No wonder things have been so tight. I really need a smarter bookkeeping system that makes it harder to ignore this kind of thing. What a moron I am.
Looking on the bright side, my Jan 2010 tax bill should be small, and I may be entitled to some retrospective tax credits.
Hi Seax
I have just been catching up with your diary. Glad the first days of the job have gone well. I can well understand the not picking you youngest up form school. It is hard...
But and sorry i this comes across as a bit harsh, I had to comment on the above statement. Yes I am sure that the amount you earned last year was a shock, but really if you are honest with yourself, are you surprised. Go back about 30 to 40 pages in your diary and have a read of your posts. The recurring theme (other than griping about the lack of money your OH was/is earning) was you writing that you really must get on with this, or that you had let the day slip away and not done that, or having to ask for extensions for work, or working late into the night. I reckon the every job virtually that you got took you double the time (ie hours in the day not billable hours) you thought it would, because you let yourself be distracted.

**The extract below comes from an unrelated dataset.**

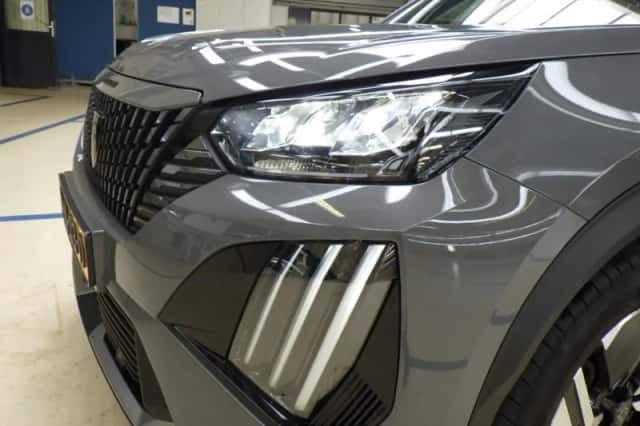 Peugeot 2008 (2025) thumbnail 6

I think that now you will be pretty much working full time, you will be amazed how much free time you have, because you work and then come home...Even to the point where after a month or so, you will be able to fit in some freelance work cos your work hours will be more organised. You always felt that freelancing gave you the freedom to work the family around it, and still earn you good money. BUT it also gave you the flexibility to actually do nothing at all as well.Sorry hun but you will get far more work done I feel now that you are going into an office, and you can see that others are relying on your input day after day.

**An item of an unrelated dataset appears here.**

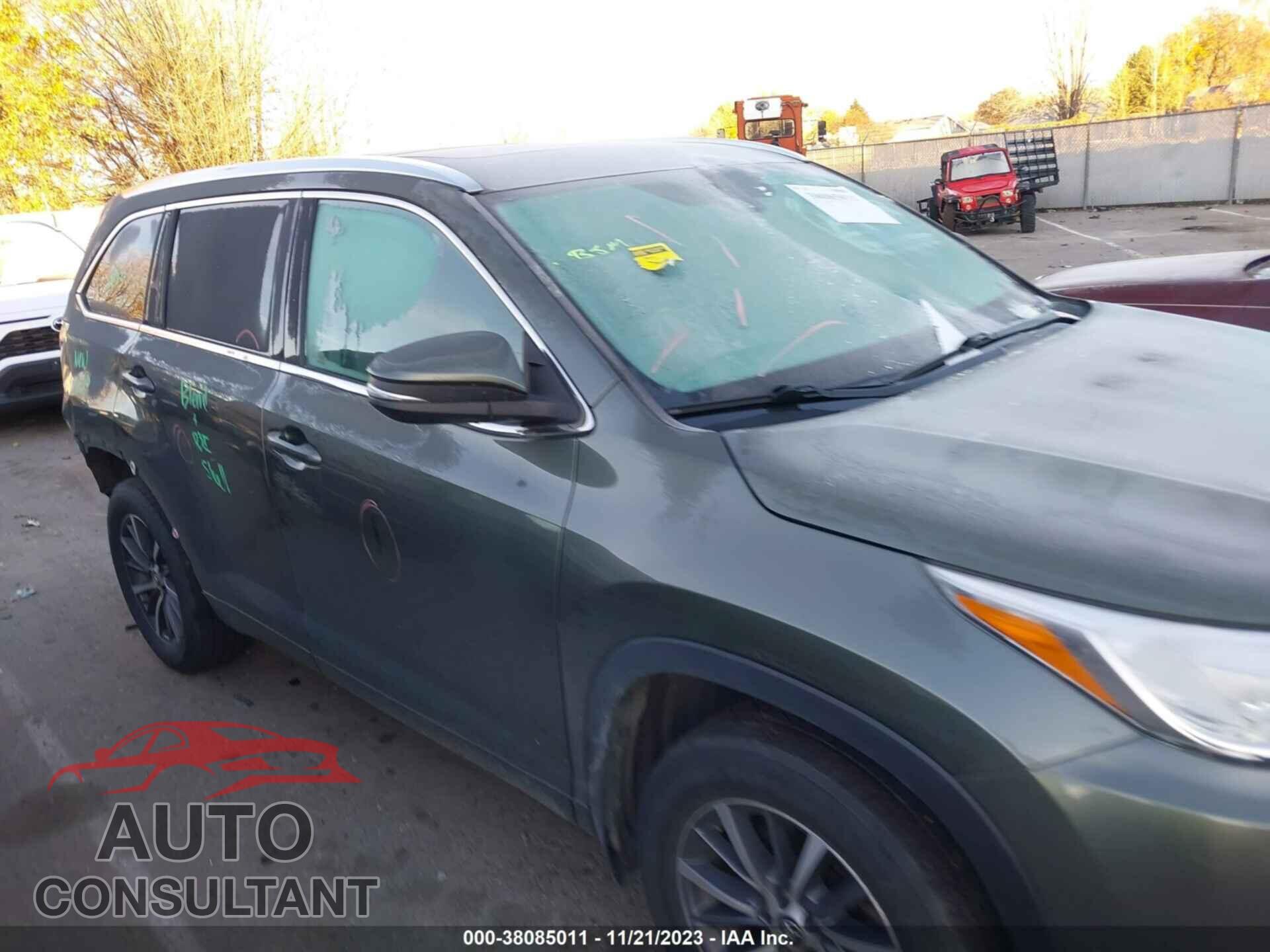 TOYOTA HIGHLANDER 2018 - 5TDJZRFH4JS914357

Moving on, now that you have regular money, it may be time to do YOURSELF and SOA. Not necessarily for putting up on here, but so you can budget for the next few months. You have regular money coming in, so that means you can put money aside for yearly bills, like car, mot, insurance etc. You can budget for it ALL lol. And doing this may give you a wake up call that there ARE areas you can cut back on so that you actually increase your debt busting over and above what you can manange by having a PAYE job.
And if you want us to have a look at it too then of course we will be happy to help:D
good luck with your new roles I think you will do brilliantlty
chevI want a job that is less than an hour driving away from my house! Are you listening universe?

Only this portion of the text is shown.